Impairment loss is recognized if the carrying amount an asset exceeds
its recoverable amount
Borrowing Costs:
Borrowing Costs that are directly attributable to long term project
management and development activities are capitalized as part of the
projects cost when the activities that are necessary to prepare the
asset for its intended use or sale are in progress. Other borrowing
costs are recognized as expenses in profit and loss account in the
period in which they are occur.
Income Taxes
Current tax is determined as the amount of tax payable in respect of
taxable income for the year. Deferred tax is recognized , subject to
the consideration of prudence, on timing differences being differences
between taxable income and accounting income, that originate in one
period and are capable of reversal in one or more subsequent periods.

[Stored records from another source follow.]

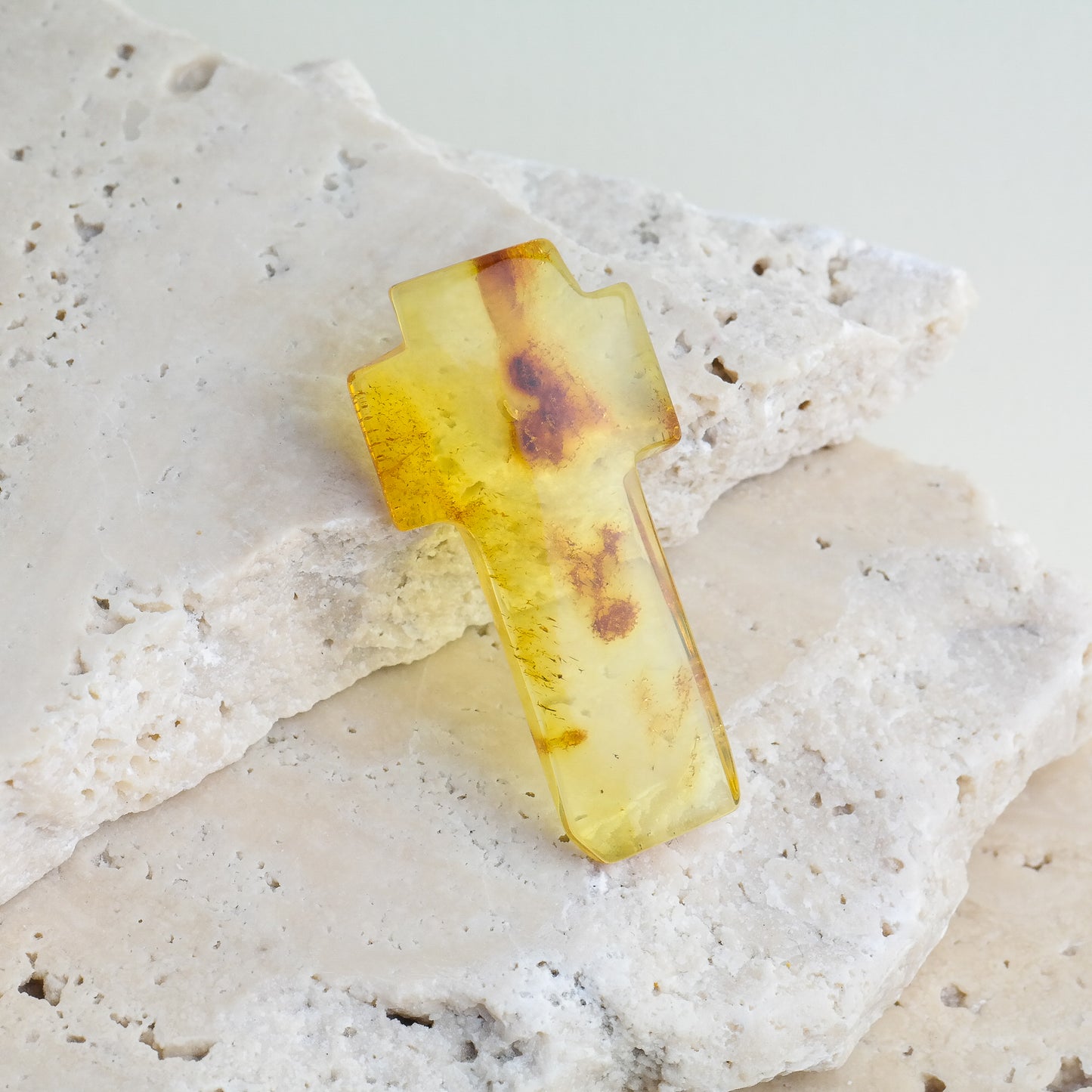 Beautiful hand carved crosses from natural Baltic amber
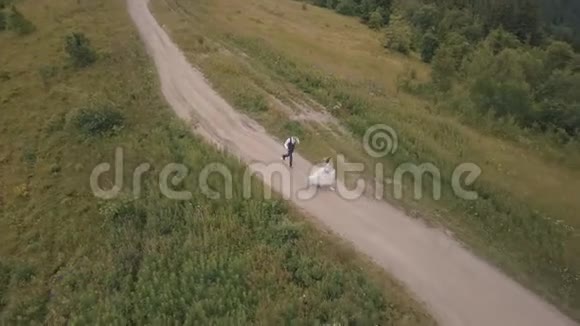 新郎和新娘在山上奔跑空中无人机射击视频的预览图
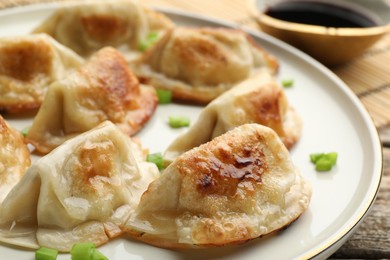 Photo of Delicious fried gyoza dumplings with green onions served on wooden table, closeup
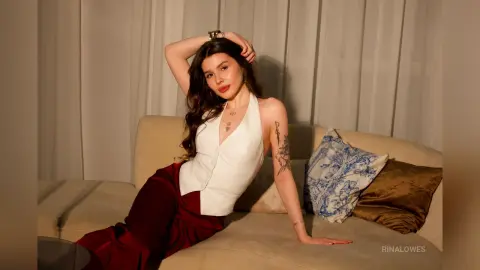Stylish woman in a white sleeveless top and red trousers relaxing on a beige sofa in a warm, cozy setting.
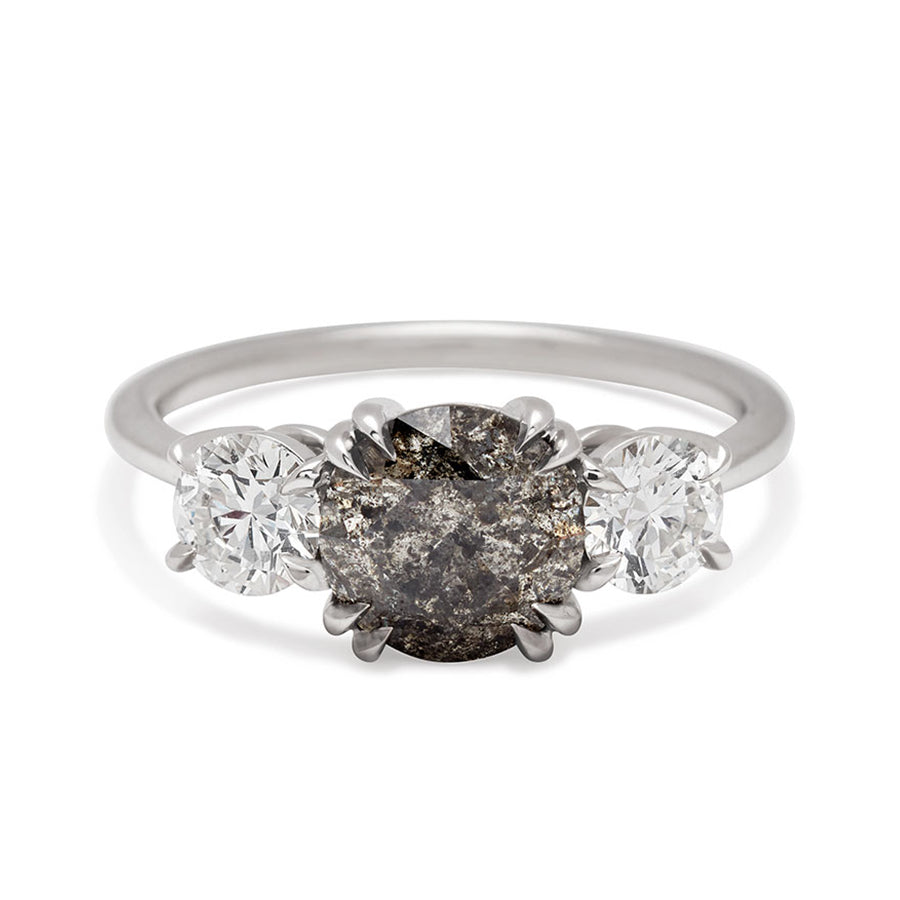 A three stone engagement ring with a round shape grey diamond center stone with two white diamond round side stones set in white gold., White Gold
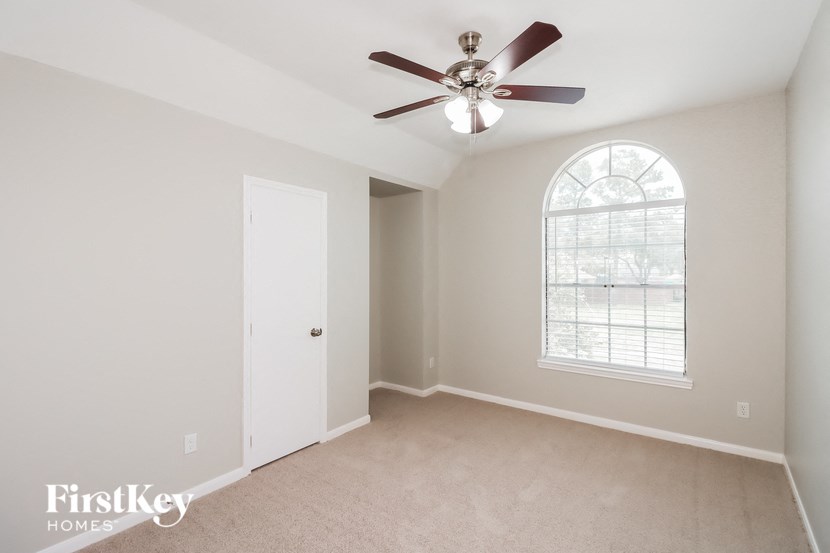 a bedroom with a ceiling fan and a window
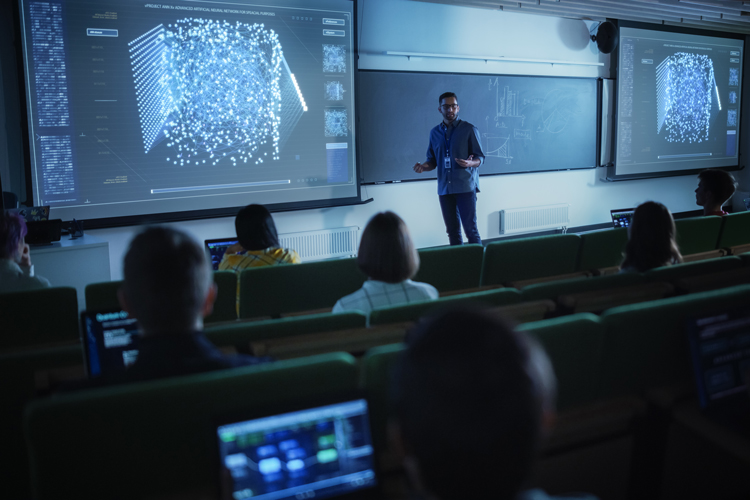 University professor explaining the importance of artificial intelligence to students in auditorium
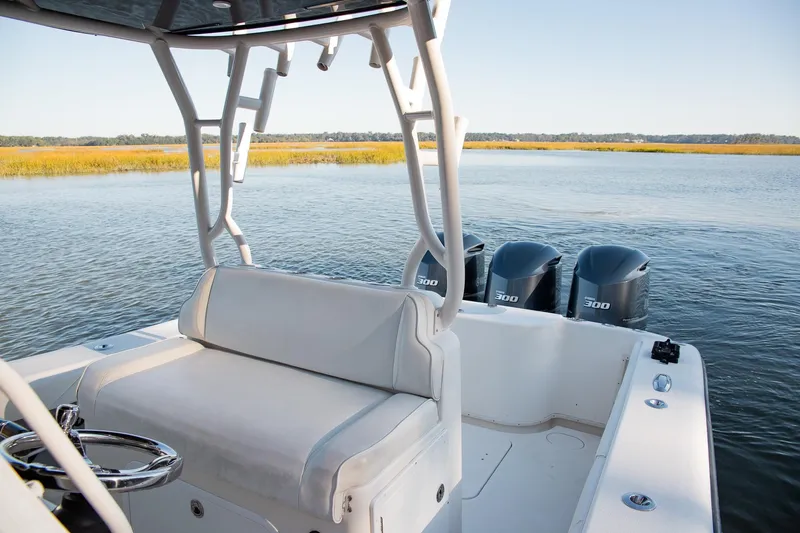  Yacht Photos Pics 2014 Yellowfin 34 Offshore boat with triple 300 horsepower engines on calm water.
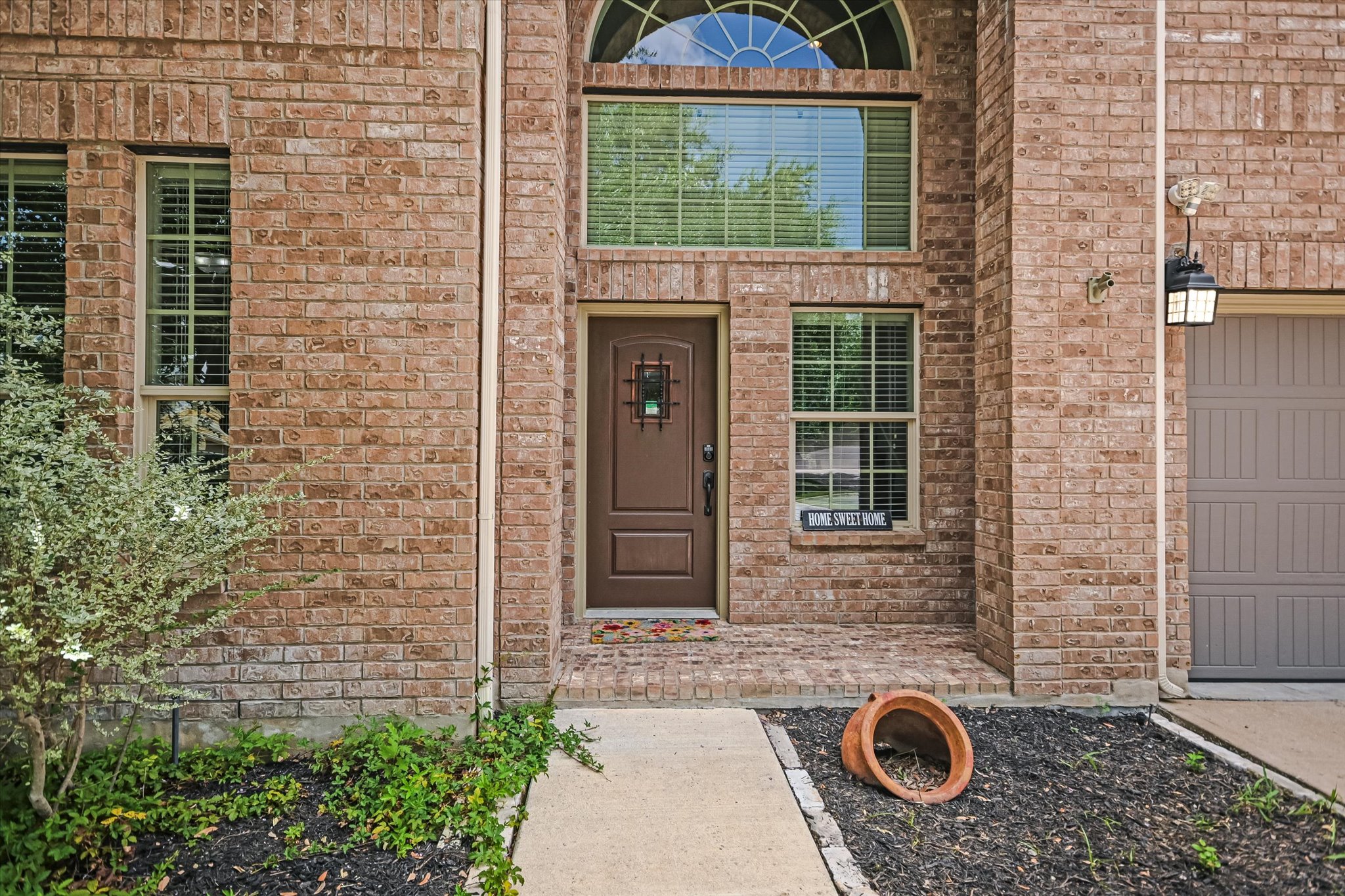 4623 Chestnut Meadows Bend Georgetown, TX 78626 - Photo 3 of 30 a brick house with a outdoor space
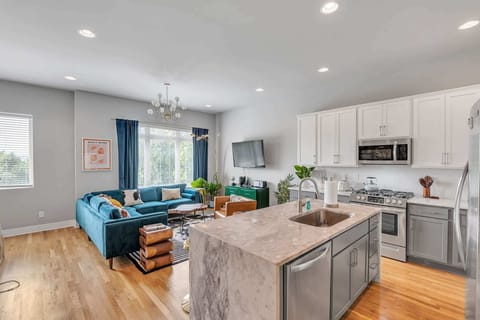 The sophisticated kitchen offers ample space & every home comfort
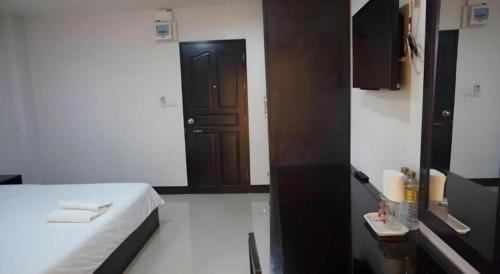 ein kleines Zimmer mit einem Bett und einer schwarzen Tür in der Unterkunft MT Place in Sakon Nakhon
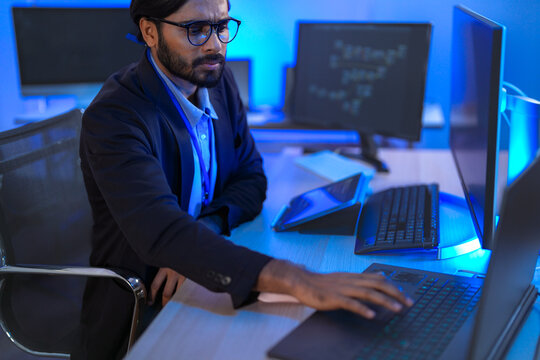 A bearded software developer in a dark suit and glasses typing program code on the keyboard, at a multi-monitor workstation in a blue-lit technology office; over-the-shoulder angle.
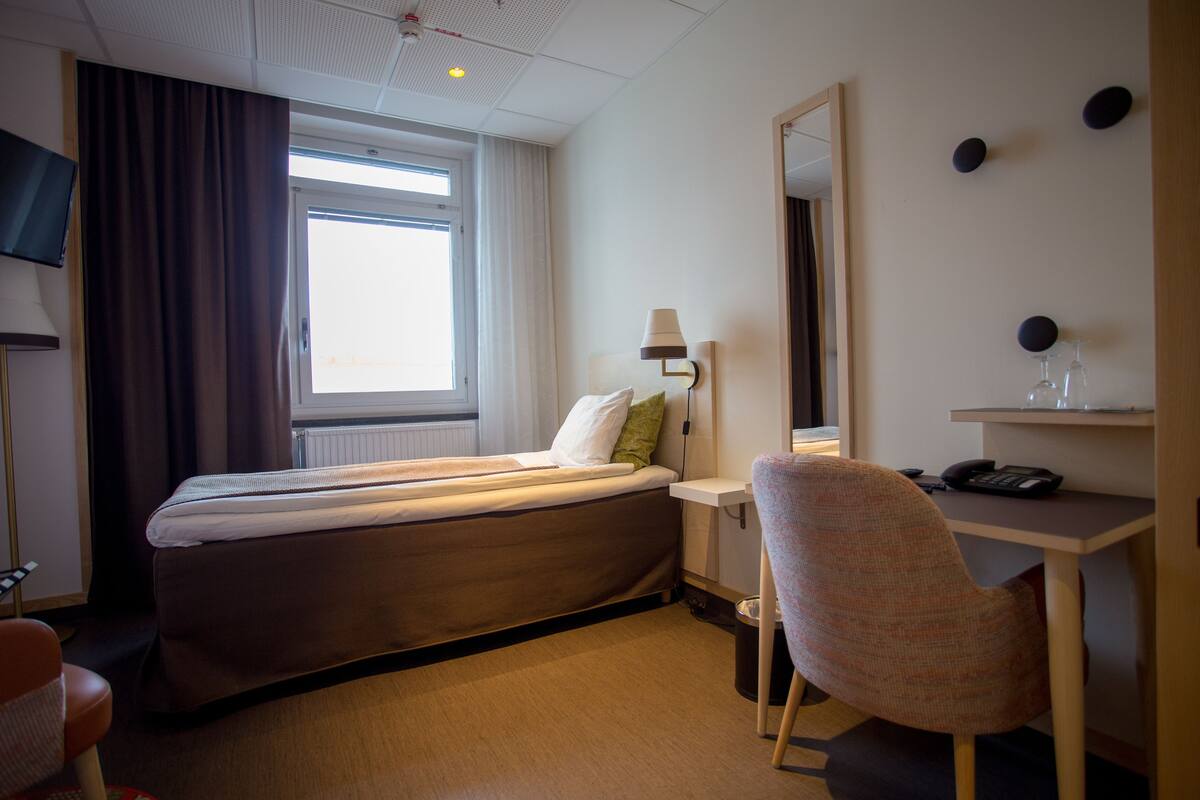 A hotel room with a bed, a desk with a lamp, a chair, a TV, and a window with curtains.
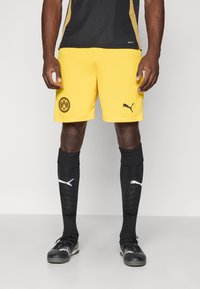 Gule fotballshorts med svarte detaljer, med en rund BVB-logo, kombinert med svarte knelengde sokker og svarte Puma-sko med teksturert design.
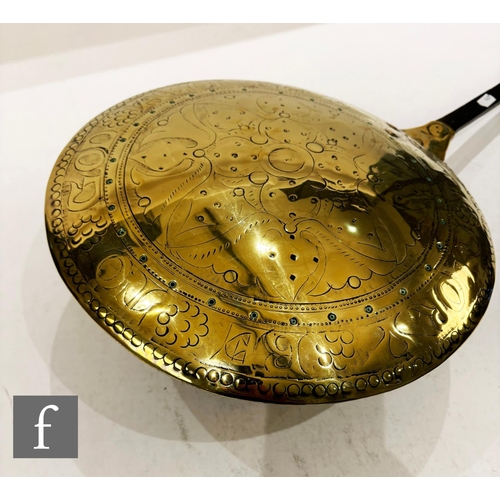 479 - A 17th Century brass warming pan, the domed centre engraved with scroll and leaf design and the oute... 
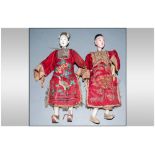 Pair of Chinese Wood and Gesso Dolls, lady and gentleman of wealth; each with roughly carved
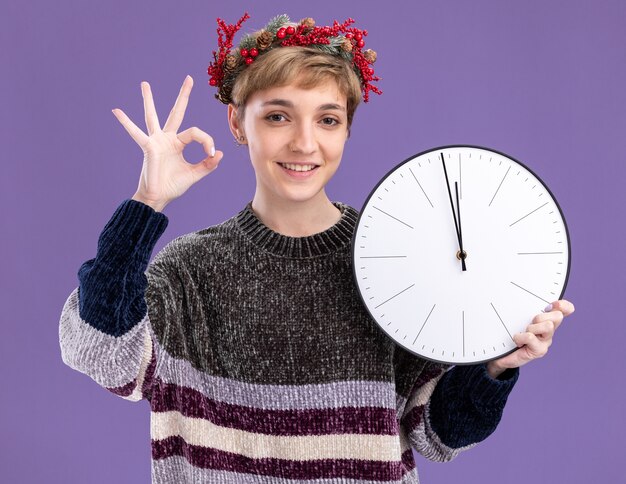 Sorridente giovane bella ragazza che indossa la corona di testa di Natale che tiene l'orologio che guarda l'obbiettivo che fa segno giusto isolato su fondo viola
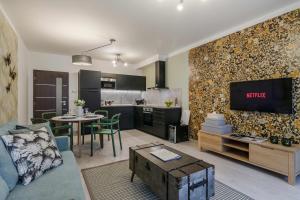 a living room with a couch and a tv and a kitchen at Prague Luxury Apartments Parking by Michal&Friends in Prague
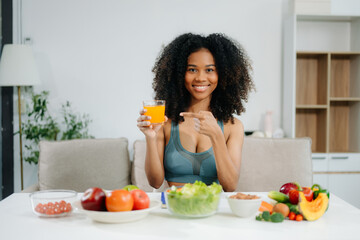 Smiling woman in a modern kitchen with fresh fruits, vegetables, blender, and orange juice, promoting clean eating, wellness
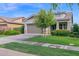 Single-Gathering home boasting a well-manicured lawn and a convenient two-car garage at 3504 E Pinto Dr, Gilbert, AZ 85296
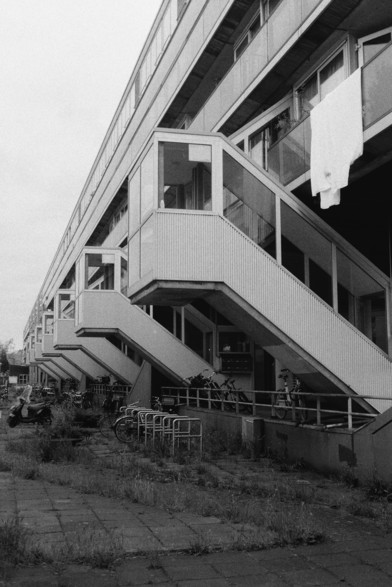 Black and white photograph of stairwells on the side of a housing complex.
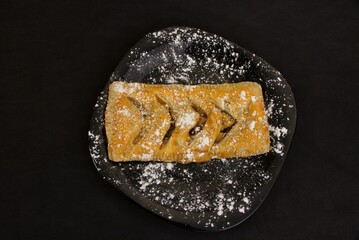 sweet delicious pie sprinkled with powdered sugar on a black plate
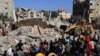 Palestinian rescuers look for survivors as others watch a digger remove concrete blocks after an Israeli strike on Rafah, in the southern Gaza Strip on Nov. 9, 2023.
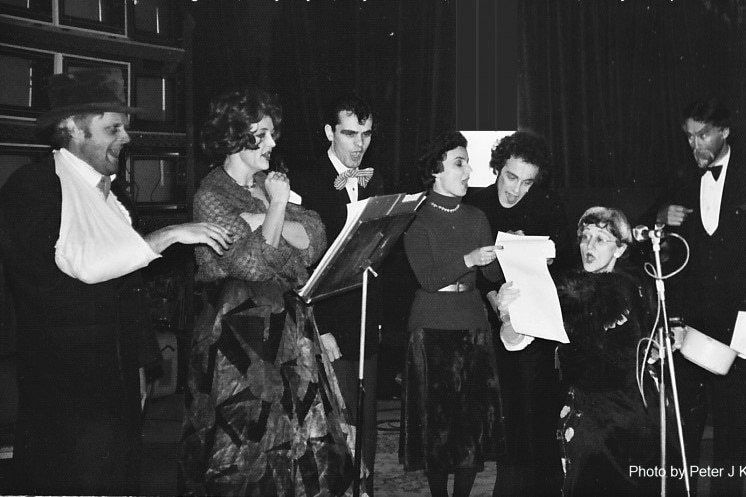 black and white image of actors speaking / singing into microphones in costume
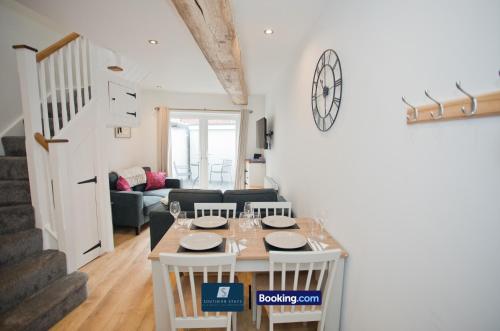 a dining room and living room with a table and chairs at 2 Bed House By Southern Stays Short Lets & Serviced Accommodation Bournemouth With Parking - Relocation & Family, 1km From The Beach in Bournemouth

Deferred tax assets are not recognized on unabsorbed depreciation and
losses unless there is a virtual certainty that sufficient taxable
profits will be available against which such deferred tax assets can be
realized
Cash and Cash Equivalents
Cash and cash equivalents include cash in hand, demand deposits with
banks, other short-term highly liquid investments with original
maturities of three months or less.
Leases
Leases in which a significant portion of the risks and rewards of
ownership are retained by the lessor are classified as operating
leases. Payments under such leases are charged to profit and loss
account on a straight line basis over the lease term.
Provisions and Contingent Liabilities
A provision is recognized when there is a present obligation as a
result of a past event, it is probable that an outflow of resources
will be required to settle the obligation and in respect of which
reliable estimate can be made. Provision is not discounted to its
present value and is determined based on the best estimate required to
settle the obligation at the year end date. These are reviewed at each
year end date and adjusted to reflect the best current estimate.
Contingent liabilities are disclosed when there is a possible
obligation arising from past events, the existence of which will be
confirmed only by the occurrence or non occurrence of one or more
uncertain future events not wholly within the control of the company or
a present obligation that arises from past events where it is either
not probable that an outflow of resources will be required to settle or
a reliable estimate of the amount cannot be made.